Comments (15)
It would be convenient to be able to omit the source_time for background files and have it start at any point in the recording.
Why?
So essentially, have it default to
('uniform', [0, bg_audio_file_duration]).
I don't think that's a good default. If anything I think (const, 0)
would be a more logical default (i.e. by default start at the beginning of the track).
Anyway, this is a bigger discussion than specific default values, since right now Scaper does not support any default values. So the first question that needs to be resolved is:
should scaper support default values and why?
Right now it's not clear to me why default values should be supported, but I'm open to suggestions!
from scaper.
Why would you need the background to start at the beginning? Isn't the point of background tracks that they don't really have a start?
If I'm generating a bunch of soundscapes from a limited set of background files, I would want the background to be different every time unless otherwise specified, instead of just cycling through the same starts of X number of tracks.
The real benefit to that as a source_time is that, say I only have 2 background recordings, one is 10mins, one is 2mins, and I'm generating a bunch of 30 second soundscapes. I want to utilize the entirety of my 12mins of background audio to create those soundscapes, but I would have to set a source_time at ('uniform', 0, 90)
to avoid clipping in the two minute clip (giving me only 4mins to work with) or set it at ('uniform', 0, 550)
and have a majority of the samples taken from the two minute clip be of the last 30 seconds.
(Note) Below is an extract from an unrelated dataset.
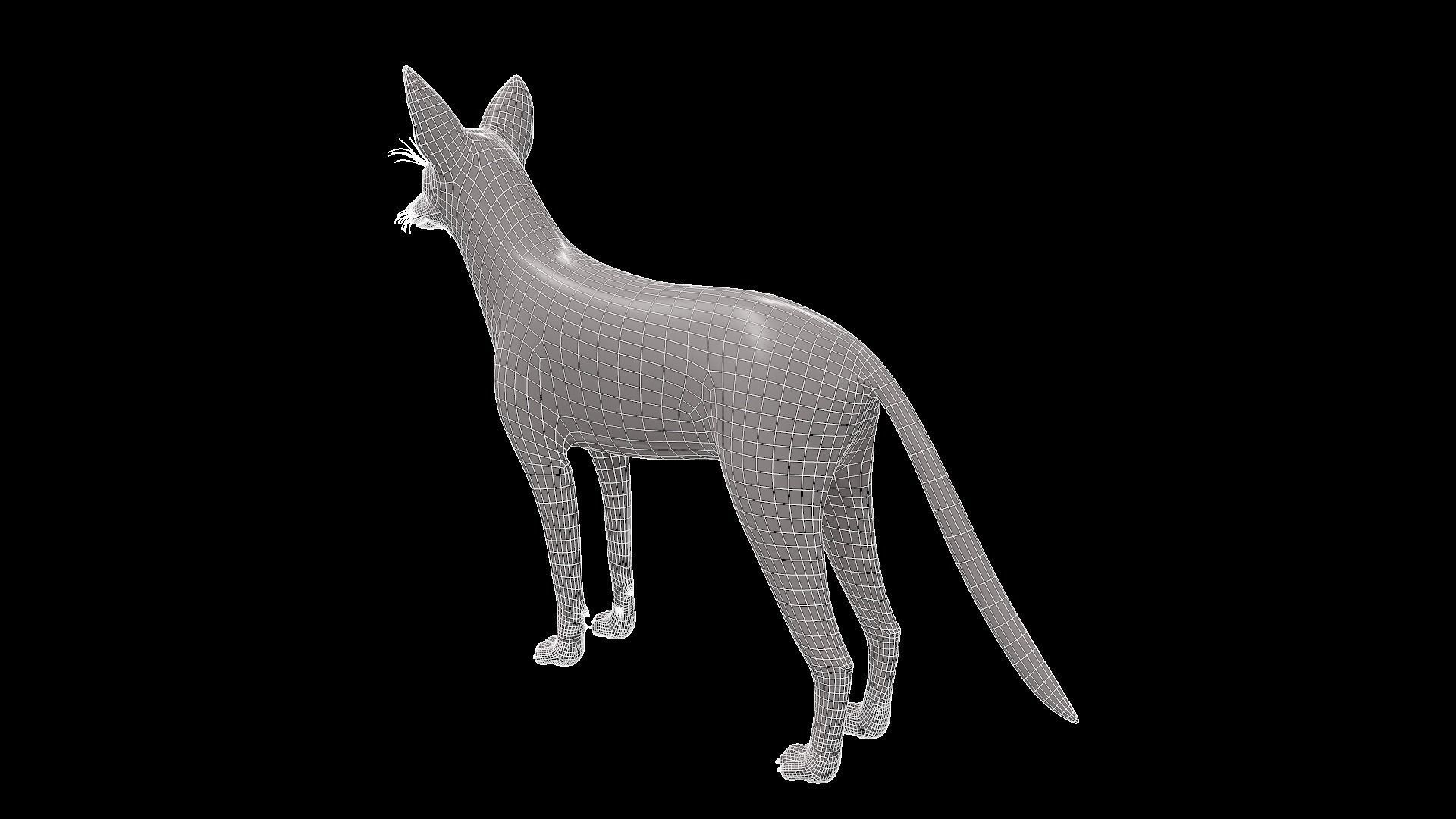 Realistic jackal animal 3d model  3D model_5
So if I omit source_time, I'd be implying, "take any 30 seconds from my background audio" and would effectively use the entirety of the available audio.
from scaper.
Scaper should support defaults because:
-
It's cumbersome to have to write out values for variables that should be implied if they're not present.
- time_stretch, pitch_shift: if they're not mentioned, then they're probably not wanted
- label, source_file: if it's not mentioned, just use any one of them
- source_time (foreground): start at the beginning
- source_time (background): just take any valid snippet from the background track
- event_duration: if it's not mentioned, I would expect it to just play the entire track
- event_time: if they didn't say when, meh just put it anywhere
-
For values that depend on properties of the source audio (fg.event_time, fg.event_duration, bg.source_time), there isn't a way to know the audio durations prior to sampling. The other option would be to support something like e.g.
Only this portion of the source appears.